My first deep dive into spirituality came fourteen years ago or so when I stumbled across Stephen Mitchell's translation of the Tao Te Ching in a bookstore. This was a balm for the injuries sustained in my abusive, fundamentalist upbringing, and I spent the next few years studying Taoism as deeply as I could. For some reason, even though I read quite a bit, I never came around to studying the I Ching—I just wasn't ready for it, I guess, since it took most of a decade for me to open up enough to take up the tarot (which didn't work out very well) and geomancy (which did).

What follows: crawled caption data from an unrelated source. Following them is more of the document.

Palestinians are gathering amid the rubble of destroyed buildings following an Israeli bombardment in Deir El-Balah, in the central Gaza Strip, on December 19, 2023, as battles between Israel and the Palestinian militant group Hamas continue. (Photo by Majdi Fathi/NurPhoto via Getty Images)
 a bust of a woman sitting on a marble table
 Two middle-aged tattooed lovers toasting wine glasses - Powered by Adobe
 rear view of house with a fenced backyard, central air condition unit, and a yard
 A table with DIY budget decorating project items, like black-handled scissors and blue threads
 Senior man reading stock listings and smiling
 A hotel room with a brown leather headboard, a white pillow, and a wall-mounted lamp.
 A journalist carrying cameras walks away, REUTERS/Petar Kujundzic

The I Ching has just sorta been sitting there in the background, quietly waiting for me. My family is presently in the middle of moving to Colorado, and my copy of the I Ching is stuffed away in a box somewhere, so I figured it wasn't the time to try taking up anything new... but I suppose there's something in the air, here, since when we visited here last autumn, I was led to a Taoist Feng Shui book; and just yesterday a copy of The Fortune Teller's I Ching jumped out at me at the local library's annual book sale. I took this as a hint that I should go ahead and play with it: not really for anything serious, since I can use geomancy for important questions, but more as an avenue for exploring Taoism more deeply once again.

So I thought I'd start putting the oracle through it's paces by asking the obvious question: "How can I expect my study of the I Ching to proceed?"

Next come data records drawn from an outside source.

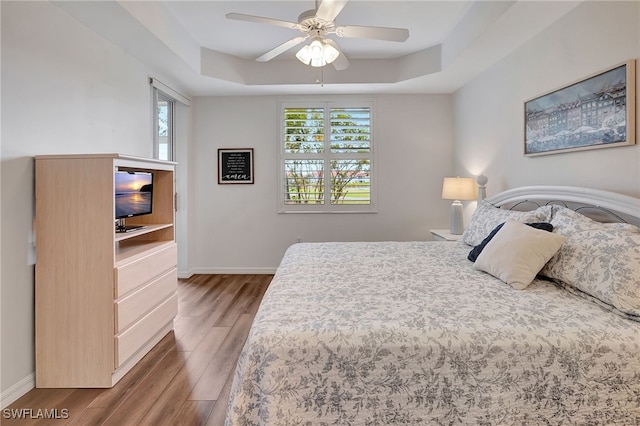 bedroom featuring wood-type flooring, a tray ceiling, and ceiling fan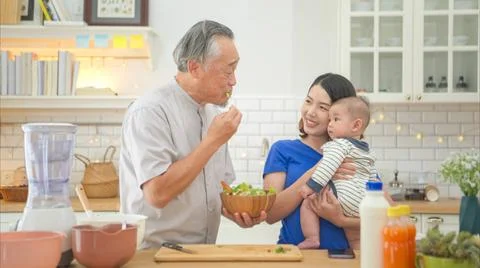 Mother and tiny child in the kitchen preparing dinner with grandfather Mot... Stock Photos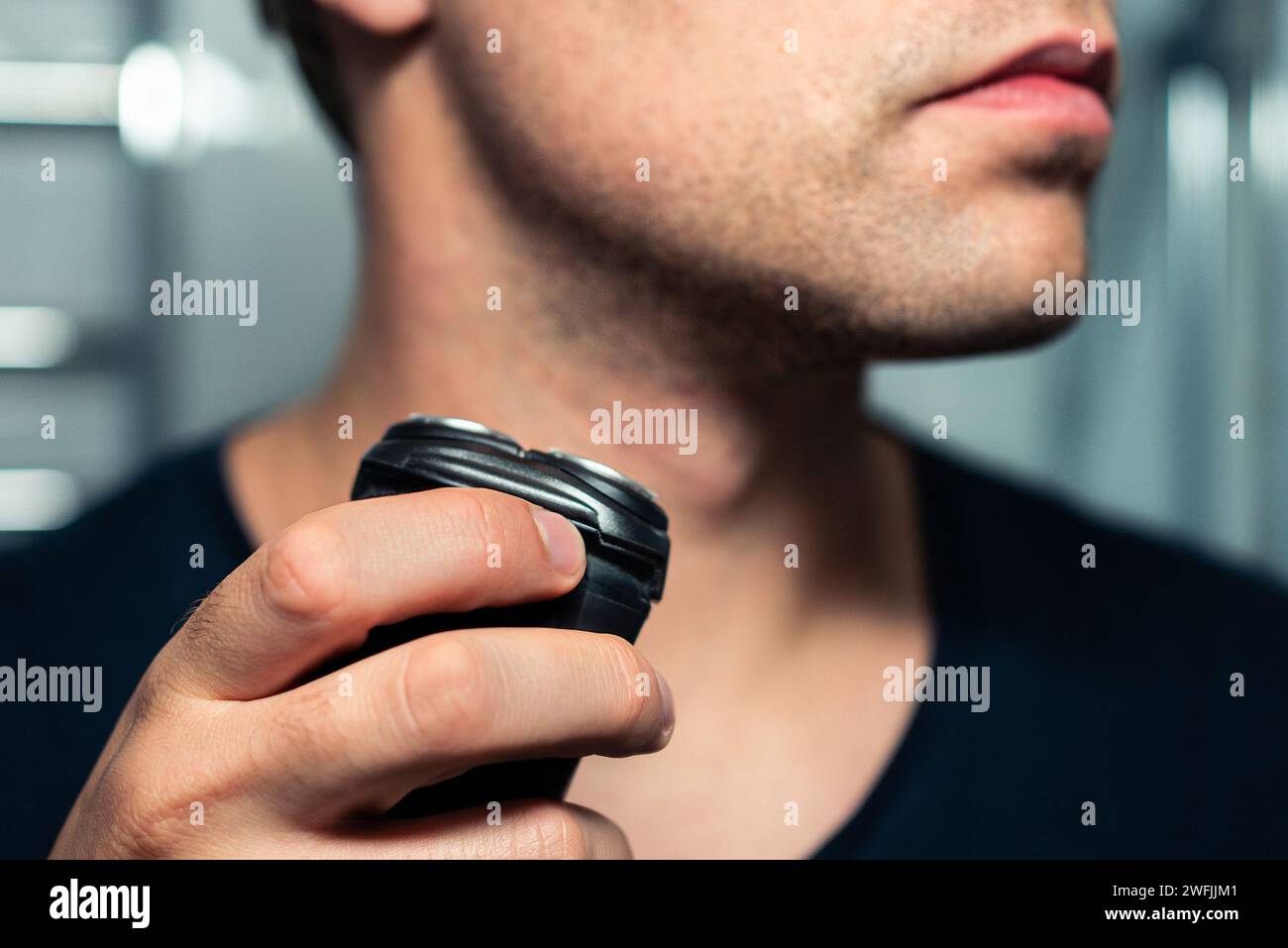 Shaving beard with machine. Man with electric shaver. Trimmer for face hair. Male grooming razor. Mirror in bathroom. Short stubble. Closeup of neck. Stock Photo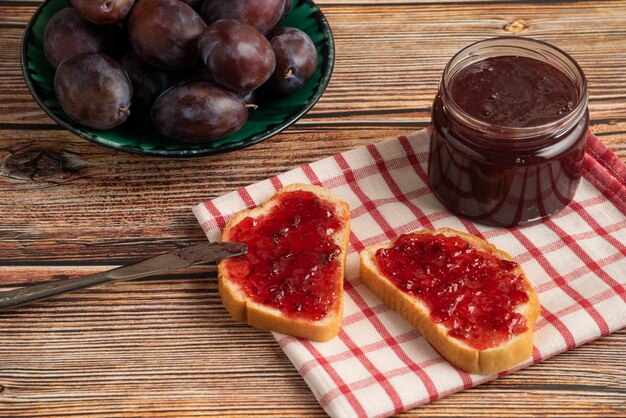 Plum confiture on toast breads and fruits on a checked towel.
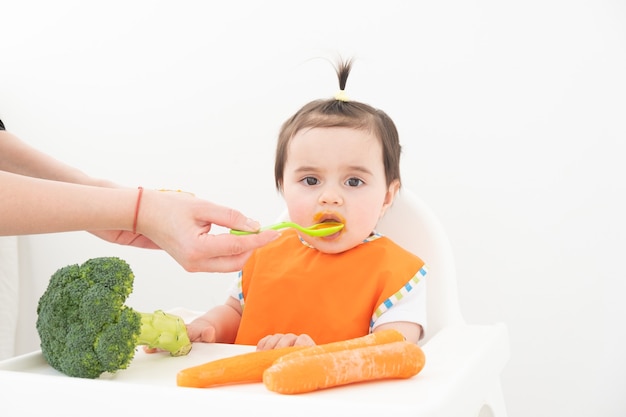 Neonata che si siede in una sedia di Childs che mangia la purea di verdure. La mamma nutre il bambino.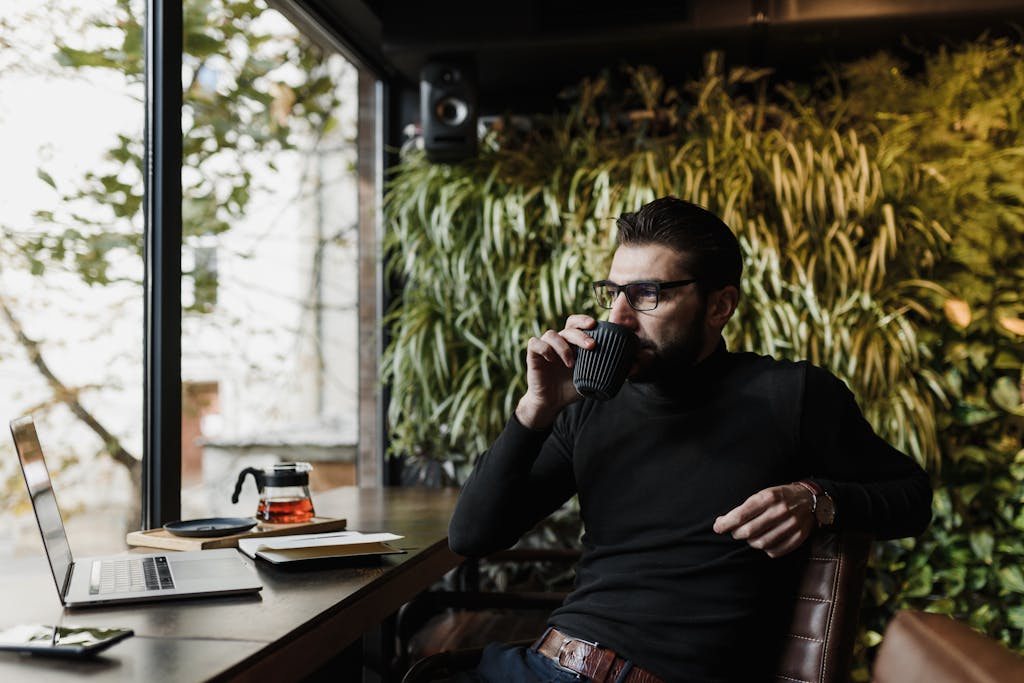 Man enjoying a cup of coffee and practicing mindset development.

45: To Collect. Success. The king approaches the temple. It is good to see the great man. There will be success. It is good to behave properly. The use of large offerings brings good fortune. To move forward in any direction will also bring good fortune.

Top six moves. He sighs and weeps floods of tears. There will be no mistakes.

I am disciplined, I am committed to the work, and the path before me is easy. I will have success, but what comes easily doesn't last.

Do you know the story of the man who lost his horse? It's an old and famous parable from the Huainanzi, written a bit over two millennia ago. It's about a farmer who has various things happen to him, and the apparently good things turn out to be bad, and the apparently bad things turn out to be good. He simply does his best in the moment, and is successful in a way, since he never suffers any harm... but, on the other hand, neither does he see any material benefit from the "good" things that happen. His true success is the perspective he has to see through the illusion of each occurrence. This reading feels a bit like that to me: what success is to be found is abstract, rather than concrete. Studying geomancy required a lot of effort, and granted rewards commensurate with that effort; but since I've already put in all that work, studying the I Ching will go much easier but not really move the needle in my life, since I already have the tools I need.

Still, though, it's fun. Why not play a game with my angel?